> Data section

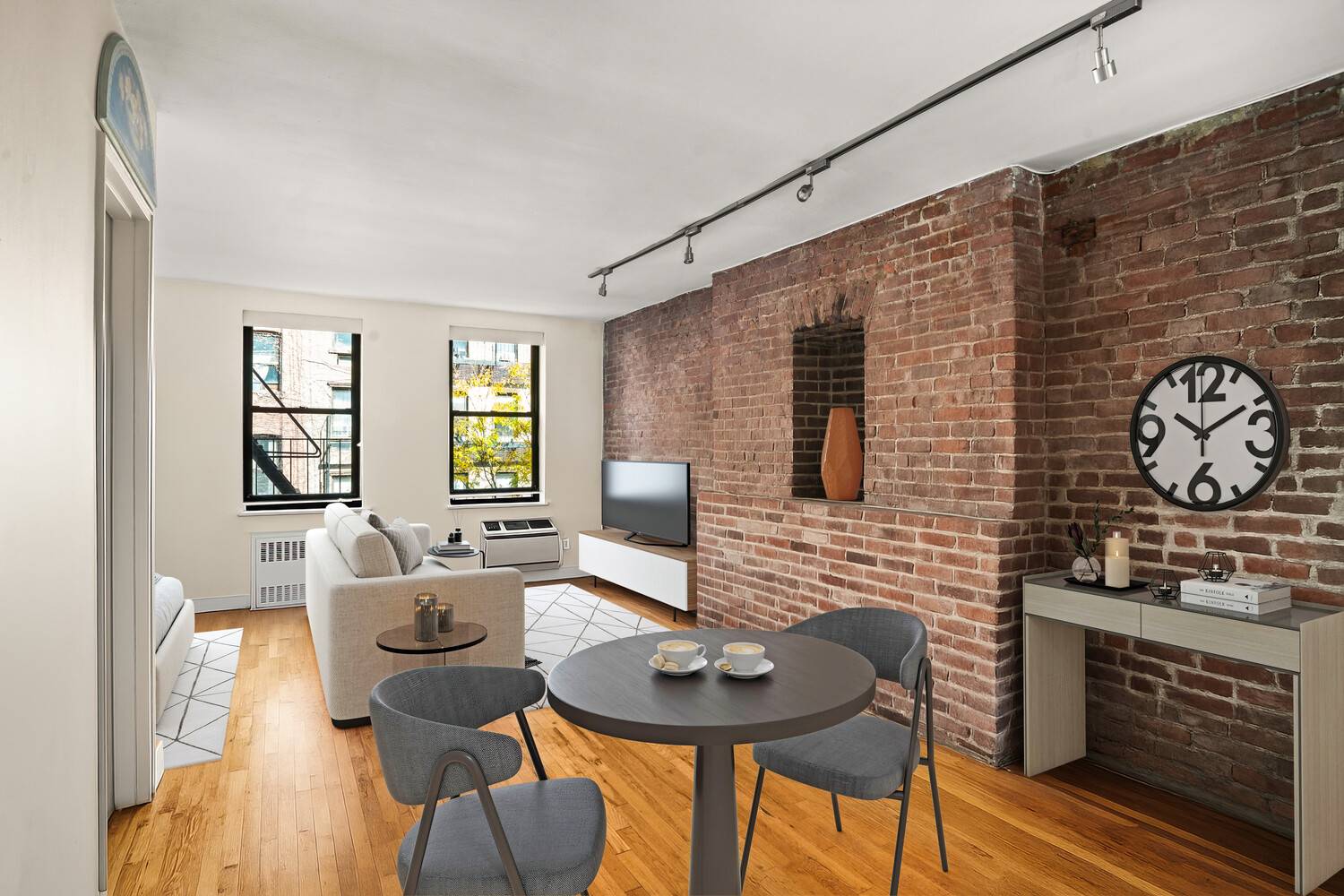 Perfectly positioned at the crossroads of Chelsea, the West Village, and the Meatpacking District, this charming alcove studio combines character, comfort, and convenience in an unbeatable location.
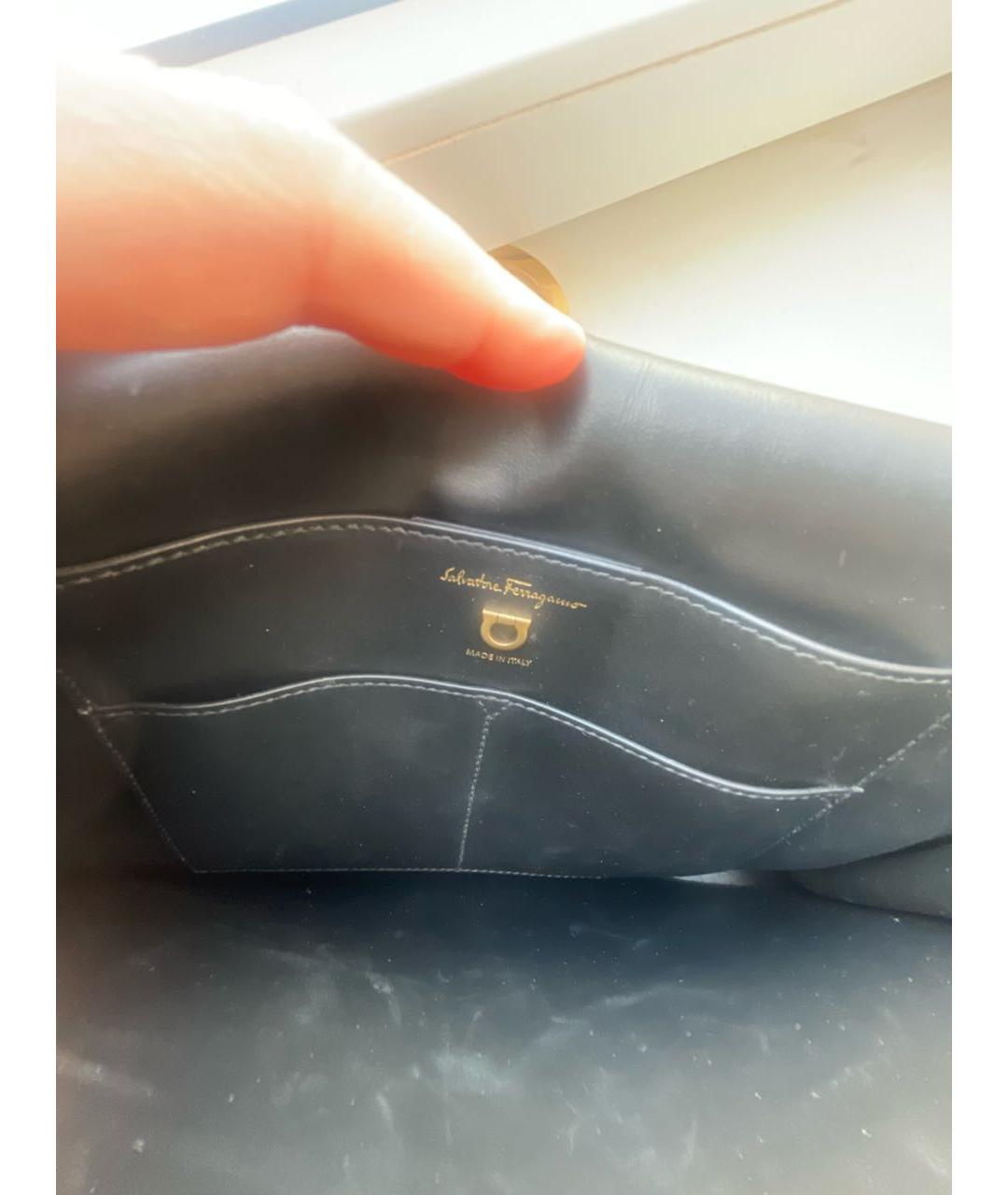 FERRAGAMO Черная кожаная сумка через плечо, фото 4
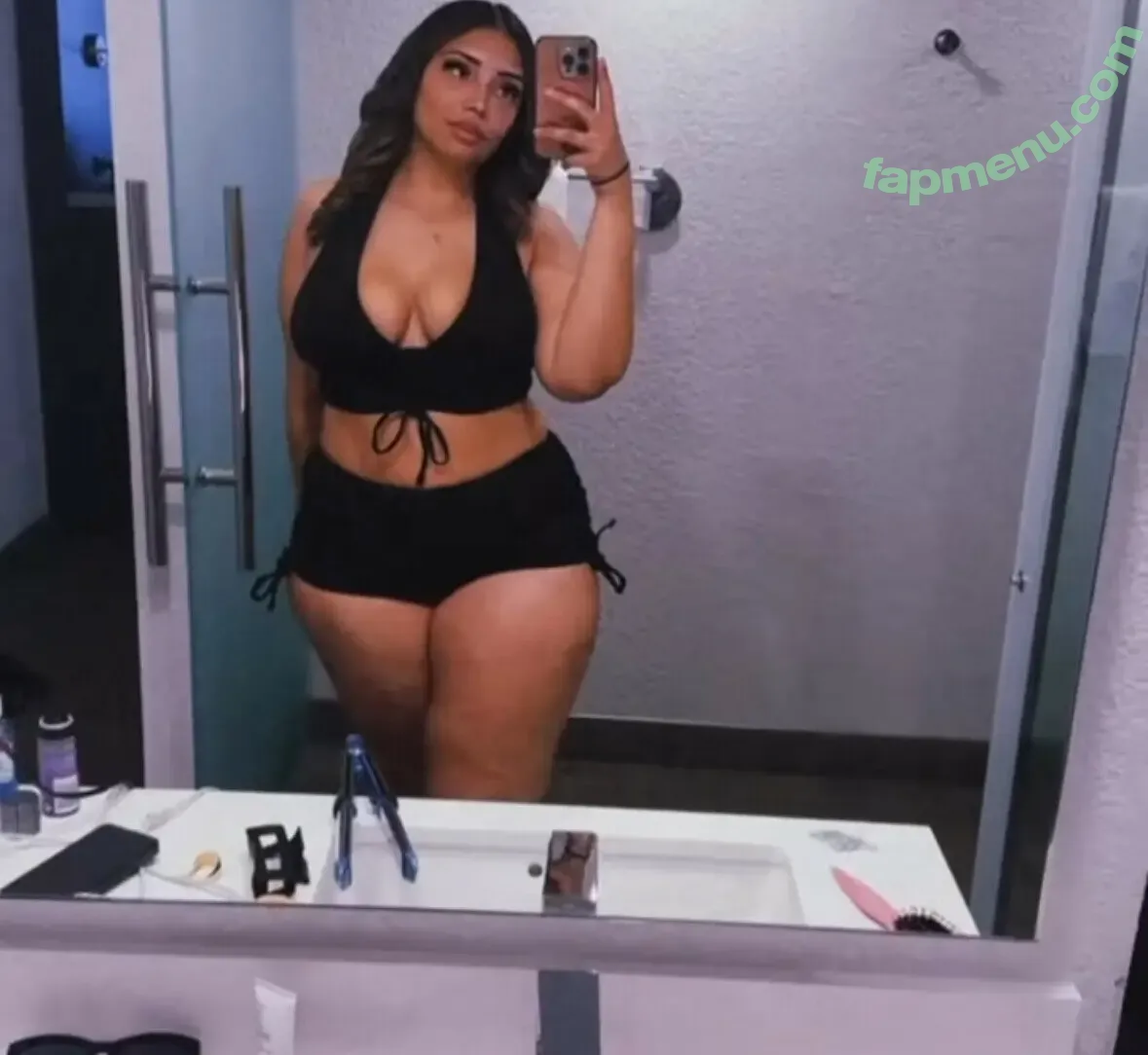Blessedd.dess nude photo #0022 (Blessedd.dess)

> Task instructions
Return the data above in its exact wording, with none of the pictures.

> Solution
 Perfectly positioned at the crossroads of Chelsea, the West Village, and the Meatpacking District, this charming alcove studio combines character, comfort, and convenience in an unbeatable location.
 FERRAGAMO Черная кожаная сумка через плечо, фото 4
Blessedd.dess nude photo #0022 (Blessedd.dess)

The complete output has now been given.